With my interest in all things you can only dare to be curious about, it was the perfect pack for an evening of perfume immersion. 

 THE ROOM 

My Friend Naomi and I set the atmosphere by turning the main lights off, put on a playlist of 1960s reggae through the loudspeaker (cus that was the vibe) and turned on the fairy lights that were strung around the room. The blinking lights made it feel like we were in a club. We sat down opposite each other in big, comfy armchairs, and I laid the 9 1ml atomisers out on the floor in between us. We selected a perfume at random and used my phone's torch to see which bottles we picked up. 'Oh no', she sighed, 'I've got the vomit one'

 SIDESHOW by GRI GRI 

The brown tag wrapped around my 1ml perfume read: Bubblegum and leather whips.

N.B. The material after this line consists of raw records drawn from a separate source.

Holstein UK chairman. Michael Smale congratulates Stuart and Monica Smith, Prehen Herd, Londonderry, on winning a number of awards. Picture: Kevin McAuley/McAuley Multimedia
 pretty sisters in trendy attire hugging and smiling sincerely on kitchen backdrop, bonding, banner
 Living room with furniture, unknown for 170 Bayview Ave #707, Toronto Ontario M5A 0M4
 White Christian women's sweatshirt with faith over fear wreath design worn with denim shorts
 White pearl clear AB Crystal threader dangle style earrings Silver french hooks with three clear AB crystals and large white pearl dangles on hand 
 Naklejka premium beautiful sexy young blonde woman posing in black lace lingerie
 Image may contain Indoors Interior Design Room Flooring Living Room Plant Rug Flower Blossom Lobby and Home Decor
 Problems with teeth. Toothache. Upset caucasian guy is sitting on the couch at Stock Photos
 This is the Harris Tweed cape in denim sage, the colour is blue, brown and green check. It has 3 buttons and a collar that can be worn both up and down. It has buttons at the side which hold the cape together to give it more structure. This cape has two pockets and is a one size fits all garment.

The rule was that we read what Bloom Perfumery wrote about the selected perfume before we smelt it, not the brand's statement. 


"A pungent combination of a strawberry bubblegum accord with the aroma of worn leather stained with animal sweat. A 19th century, Wild West circus: kids crunching at their toffee apples as they watch a dusty clown stick his head into a toothless lion’s mouth."


The Top Notes: Strawberry

The Heart: Apple, Caramel / Cotton candy, Candy apple

The Base: Hyraceum, Leather, Tolu Balsam 


Now I'm writing and researching post-sniff, I found that each of Gri Gri's perfumes are inspired by a tattoo technique. Sideshow is based on vintage sailors tattoos and 19th century circuses. Gri Gri stated; "This parade of scents brings to mind carnival sweets and treats. Cotton candy and candy apple blend with the fantastical smell of hyraceum and leather, evoking the exoticism of the traveling circus. A freakishly attractive enchantment."

 PINK GREASE 

I spritzed it into my elbow. It was pungent at first. Hard to say what it was. I suppose it was the strawberry. I had to let it simmer down on my skin for a few seconds before I went in to smell again. 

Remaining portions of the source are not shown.